Before you cannibalize your roommate due to cabin fever, remember that you cannot afford the rent alone. #blizzard2016
If you want to know what a girl will look like in 30 years, stop talking to her and show up to her house in 30 years to check on her.
Louis CK releasing a special when no one can leave the room feels pretty on brand TBH
getting an underwhelming response to my new honk if you hate loud noises bumper sticker.
a bloodbath has got to be the least effective type of bath
I’m going on a shiny hair journey. It doesn’t seem as if my hair is going with me, but I’m going.
please stop describing the Holy Infant Baby Jesus as “tender and mild.” that’s how you describe a hot wing.
One of my favourite summer activities is to pretend I don’t know what a motorcycle is. It seems to sting worse because I’m a heavily tattooed blonde woman. I like to keep saying ‘it sounds like you’re describing a bicycle?’
👏GIVE 👏THE 👏OTHER 👏49 👏STATES 👏THEIR 👏OWN 👏CHAINSAW 👏MASSACRE 👏MOVIES
You’d think this moron wandering around the lot would give up after 10 minutes and push the alarm button to find their car …
But I won’t.
due to inflation you can now eat food that has been on the floor for up to 7.3 seconds
a cute girl stopped behind my laptop as I was full screen on a pic of bread and I didn’t know what to say so I stammered out “I like bread”

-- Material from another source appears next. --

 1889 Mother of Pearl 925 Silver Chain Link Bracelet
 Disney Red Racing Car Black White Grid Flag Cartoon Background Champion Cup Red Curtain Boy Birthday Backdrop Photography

I love how popular barn weddings are…because nothing says marriage like horse shit.
Did you try turning your relationship off and then back on again?
There’s an alternate universe where we are together and finally happy.
And I probably forgot to take out the trash there, too.
ME: I want the car’s brake lines to rust
SCIENTIST: I’m listening
ME: [slides over envelope full of cash] But make it look like an oxidant
[trying to ride a horse]
ME: oh shit how do i slow down?!
GUY OUTSIDE THE SUPERMARKET: this is for children
When my son loses his 1st tooth, Im putting $1 under his pillow and a note that says “I’ll be back with a hammer for the rest. -Tooth Fairy”
Every morning I wake up and every morning there is no breakfast in bed. We have got to do something about this level of poverty!
my moms yelling at me bc idk her email password
This will be my last writing as I’ve just entered IKEA with my family.
Tell my story.
No, not that one.
No, not that one either. Why would I want you to tell people about my time in a Turkish prison with a pregnant meerkat? Idiot.
the court clerk in surfer court: do you swear to tell the truth & nothing but the truth & refrain from telling stories that are grody to the max, so help you god?
me, with my right hand in the air & my left hand on a ham sandwich: totally
Gin & Tonic: 91 calories.
Banana: 105 calories.
Choosing the healthy option: Priceless.
please stop saying things like “ur so hot” and “your jokes have both emotional depth and the refreshing originality of a self aware intellectual” and start saying things like “here is ten thousand dollars”
What’s with these people who take a sip of their coffee as soon as they get it? Who are these iron-mouthed warriors?
I used to complain about crying babies on airplanes but last week I was flying, both pilots died & a crying baby landed us on a soccer field
I saw a hummingbird outside my kitchen window first thing this morning. Guess it forgot the lyrics.